この定義の要点を整理しておきましょう。まずDNは、プロテジェ自身の主観的認識によって成り立っています。したがって、たとえ上司あるいはフォーマルに割り当てられたメンターや上司であっても、また、その人々に「支援しよう」という意図があるとしても、プロテジェ本人が「支援されている」と認識しなければ、DNを構成する人物にはなりません。逆に言えば、インフォーマルな関係であっても、また、その人々に「支援しよう」という意図がないとしても、プロテジェ本人が「支援されている」と認識さえしていればDNを構成する人物になり得ます。そしてDNがエゴセントリックなネットワークであることを考え合わせると、DNを構成する人物どうしの関係性は必ずしも問題とはなりません。最後に、支援する側が年長であることや経験豊かであることを想定していない点にDNの特徴があります。だからこそ、インフォーマルなものをも含む関係性の多様さを認めることになります。

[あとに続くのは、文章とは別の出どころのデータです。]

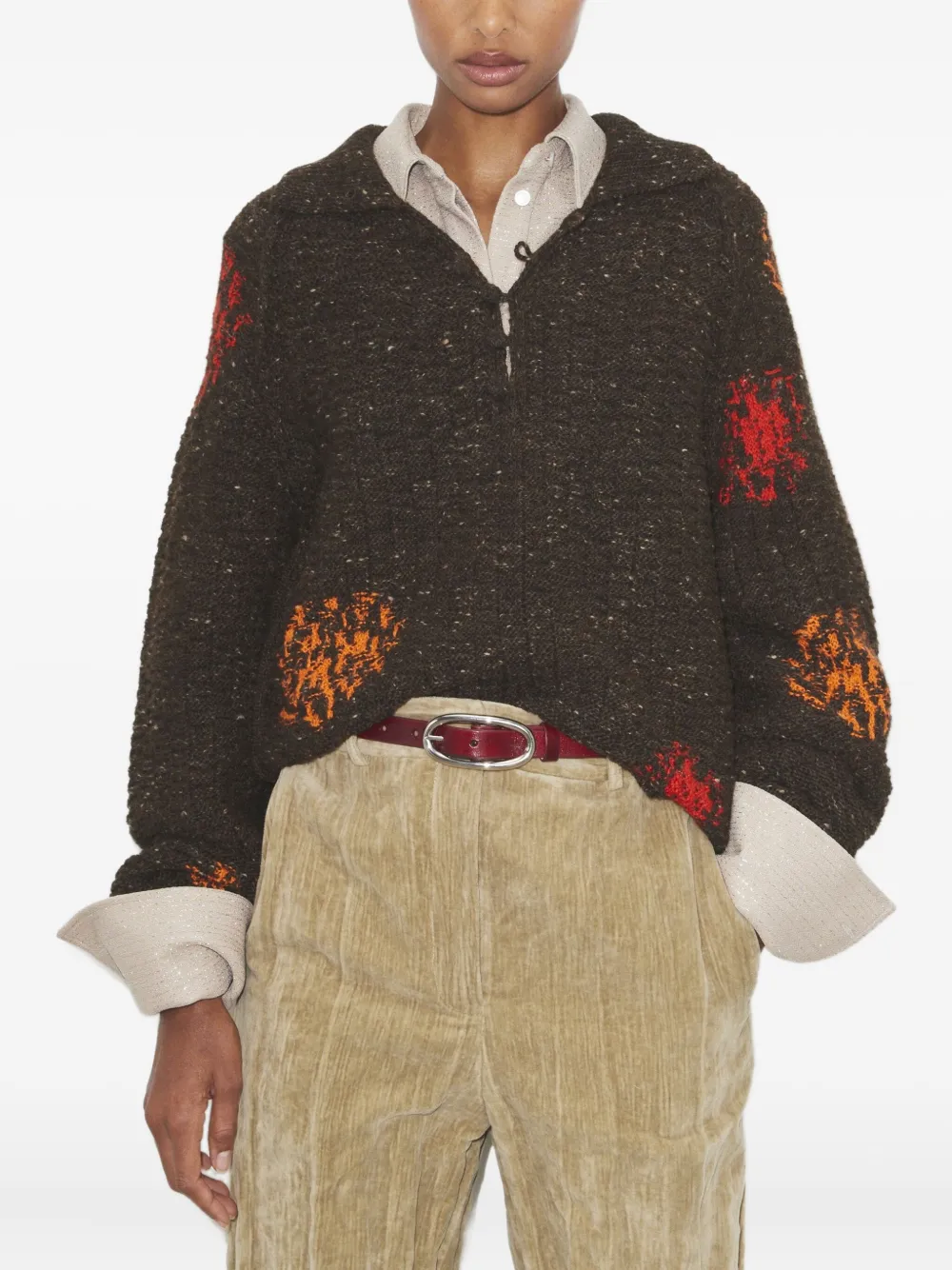 Tory Burch Embroidery-detail Sweater In Brown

社会的存在として働く人々のキャリア形成が、上司やメンターに限らず多種多様な人間の影響を常に受けているという事実は、時代や社会の変化を超えて疑いの余地はありません。上司やメンターとの垂直的な関係性は組織に働く者としては非常に重要なものであることに違いないですが、個人のキャリア形成を促進する関係性はそれだけではありません。実際に、フォーマルなメンター役の人に若手社員の育成を過度に期待すれば、その物理的・精神的負担が集中し、メンター側の成長を阻害するという事象も起こり得ます。ゆえに、キャリア形成を支援する人間関係を、インフォーマルなものも含めて多角的に見るという視点は、社会的背景の変化を超えて理に適っていると言えます。
では、このような特性を持つDNを、職場でマネジメントすることは可能なのでしょうか。
筆者(坂本, 2020)が中国地方の造船業2社(A社・B社とする)で行ったいくつかの調査では、DNの構造特性(人数・つながりの強さ)に対しては、支援を受ける側の個人が従事する職務特性が一定の影響力を有していることが分かりました。また、タスク多様性や相互依存性といった職務特性がDNの構造特性に影響を及ぼし、さらにDNの構造特性がその機能特性(提供される機能の量・多様性)に影響を及ぼすという因果関係の連鎖も確認することができました。加えて、組織要因である職務特性が結果的にDNの機能特性に対して与える影響力は、個人の発達や性格といった個人要因と比べて大きいことも分かりました。このように、DNの形成に影響を及ぼす要因は数多くあると認識をしながらも、組織要因であり職場レベルでのマネジメント可能性の高い職務特性が、DNの形成に一定の影響力を有していることを確認することができました。
ところで、チームワークは日本企業の作業組織の1つの特徴ですが、タスク多様性や相互依存性はそれを構成する概念の1つと言えます(森田, 2008)。ゆえに、日本の製造企業の作業集団において生産性向上を目的に導入されてきたチームワークが、品質、コスト、納期といった生産的な成果のみならず、職場のインフォーマルなOJTを通じた人材育成にも潜在的に機能していたというメカニズムが示唆されます。これまでは見過ごされてきたかもしれませんが、日本企業の生産システムにおいて整合的であったチームワークが、意図せざる結果として、若手従業員の育成にも有効であった可能性があります。言いかえれば、人材育成に対してチームワークが持つ潜在的な機能を発見したということにもなるでしょう。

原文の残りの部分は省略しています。